Although they have no price tag, carefully engineered mice are often the most crucial part of a scientist's research. For example, the mice lost by Bruce Cronstein, codirector of NYU's Clinical and Translational Science Institute, had been genetically altered to lack the A2AR adenosine receptor. His lab was using the mice to investigate whether adenosine affects the breakdown of bones that keep prostheses in place after hip and knee replacements.

Fortunately, Cronstein had shared his mice with researchers at other institutions. As such, he should fare better when rebuilding his colony, according to David Spector, director of research at the Cold Spring Harbor Laboratory (CSHL) in Long Island, New York. “When we provide strains for our colleagues we're thinking about science and doing experiments,” he says. “But given this tragedy now, it's certainly a good idea to share.”

Because facilities at CSHL were not severely damaged by Sandy, scientists there who had previously collaborated with NYU researchers are now looking into which mice they can return to Manhattan. However, the mice Cronstein and his NYU colleagues may receive from other researchers must be quarantined to ensure they don't have pathogens that could enter the lab, and any mice recovered from the few frozen embryo stocks NYU still has will require years of rebreeding to achieve proper genetic purity. Either way, it'll be a while before it's back to research as usual for most mouse-based investigations.

Going forward, many researchers say they will become more proactive about freezing the embryos and sperm of genetically modified rodents as they develop new models. Such was the case after Hurricane Katrina, when there was an uptick in cryopreservation requests from across the country, notes Judy Hallet, director of the Transgenic Mouse Core Facility at the Purdue University Cancer Center in Lafayette, Indiana. “Every time something like this happens, researchers say, 'This could happen here,' and we'll get a little surge in new orders,” she says. But it's doesn't take long, Hallet notes, for people to forget.

Work in progress

Journals often ask scientists to preserve their mice, but usually only after the work is published. This benefits researchers who worry about being scooped, but it makes them susceptible to devastation in a natural disaster.

Following the loss of genetically altered animals in the aftermath of Hurricane Katrina, Tulane University has encouraged its scientists to use cryopreservation sooner and more frequently. According to Laura Levy, vice president for research at the New Orleans–based institution, faculty there now store many of their specimens on site and have improved support for their freezers, including an added carbon dioxide backup system that can maintain cold temperatures for several days without power.
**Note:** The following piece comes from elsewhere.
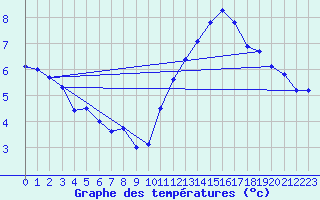 Courbe de tempratures pour Hd-Bazouges (35)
Since losing his mice at Baylor, Roth has gone all out with backup measures. He keeps some embryos frozen on campus in addition to his reserves at the Jackson Labs. It presents a high cost, to be sure, and one that not everyone is certain is worth it. Cronstein, who regrets not freezing his mouse embryos, worries that dipping into his grant funding to pay for the Jackson Labs' services—which range from $1,000 to $4,000 for freezing and recovery per mouse line, along with a $190 annual storage fee—might limit the opportunities to pursue other projects.

That's why Levy thinks the costs of backing up such important data should be its own budget line when researchers apply to grants. “It depends on the cost restrictions on your grant,” she says, “but I think it's a legitimate cost and could be justified on many project budgets.”